Appellant contends that Werz is an accomplice in the crime of burglary and that the trial court should have so held and taken the case from the jury, since there was no evidence of corroboration connecting appellant with the crime except that of Werz. It is contended that Werz aided and abetted in the commission of the crime because of the testimony of Hartman to the effect that he, knowing the burglary was to be committed, consented to the storing of the stolen property in his home, and aided in making the boxes in which the guns were placed. Hartman testified that prior to the bringing of the boxes containing the guns to Werz for storage, the boards used in making one of the boxes were obtained from the scrap pile at the place where Werz was employed and that Werz aided by throwing some of the boards on the truck. When this occurred is not stated, but the inference is rather clear from the following testimony that it was after and not before the burglary:

“Q. Who did you get them from [referring to the boards]? A. Well, we got them off the scrap pile there, that was there at the time.
“Q. Dee Werz was there at the time? A. Yes.
“Q. He got the boards for you, didn’t he? A. We picked them up between us and threw them on the truck.
“Q. He was there at the time? A. Yes sir.
“Q. Was anything said about what those boards were for? A. I believe we said that we were going to make some boxes with them.
“Q. Anything said about what you wanted the boxes for? A. Well, we told him we had some ‘hot stuff’ we were going to put in them.
“Q. Did you tell him what you had? A. I can’t remember. I think we did.
“Q. What did you tell him? A. I told him we made the Western Arms.
*544 “Q. Do you want to say that Johnny Bowman was with you when you got the wood? A. He was.

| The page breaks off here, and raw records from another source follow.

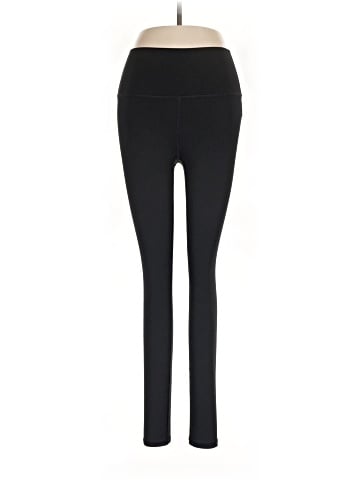 Alo Active Pants (view 1)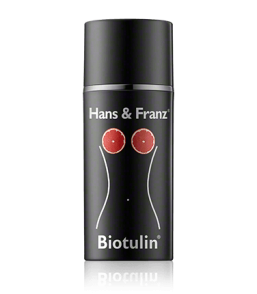 Biotulin Body Hans & Franz (100 ml)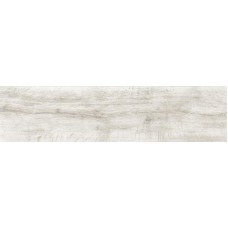 Pri Blanco 15.3x58.9 Wild з колекції Wild Pri Blanco 15.3x58.9 Wild з колекції Wild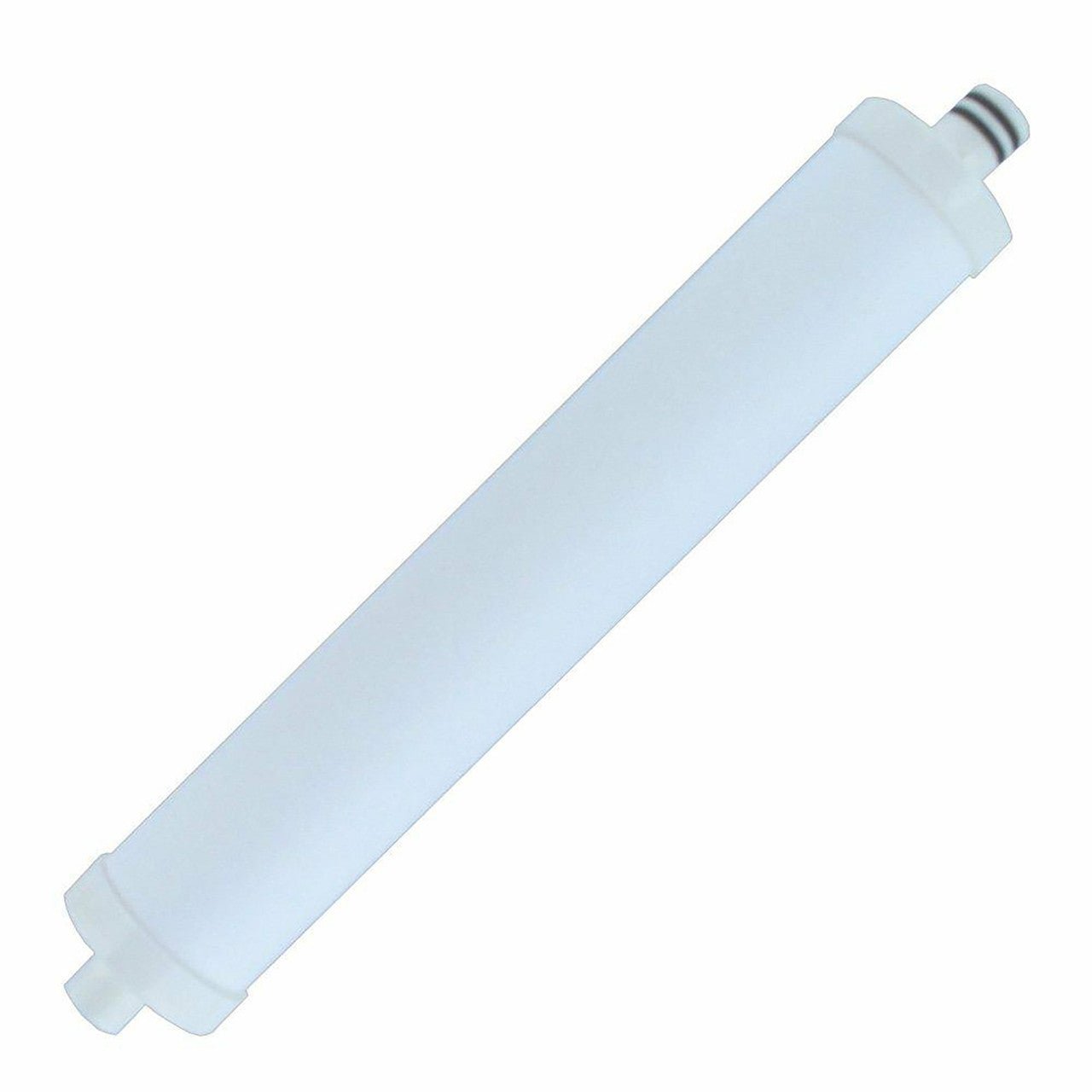 Microline S7011 5-micron sediment pre-filter, 2 x 12 inch, for compatible reverse osmosis systems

“Q. When you got the wood to make the boxes? A. Yes.
“Q. Had you previously talked to Dee Werz about taking these boxes with guns in down to his home? A. Well, not exactly. * * *
“Q. Well, you took these boxes down to Dee Werz’s home, did you? A. Yes sir.
“Q. What arrangement had you made with him before that time about taking the boxes to his home? * * * * A. The subject was brought up at a time prior to that, that in case that we got anything we could leave it in his house, but the fact of making arrangements to leaving the guns there, there wasn’t any arrangement made before it was taken.

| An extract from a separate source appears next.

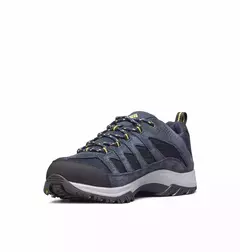 3X1! - 2 ZAPATILLAS COLUMBIA + CAMPERA COLUMBIA IMPERMEABLE DE REGALO - tienda online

“Q. The arrangement was made to leave anything there, was it? A. Yes.
“Q. And you did leave the guns there? A. When we got these rifles, we did.
“Q. Did you talk to him about what was in those boxes? A. I think we did. * * *
“Q. Did you tell him there were guns in there? A. I think we did.
“Q. Did you say anything to Mr. Werz about this Western Arms burglary before it took place? A. Well, I won’t say for certain we mentioned the Western Arms in particular. We mentioned getting some guns.
“Q. You didn’t mention the Western Arms to him particularly? A. No, not particularly.”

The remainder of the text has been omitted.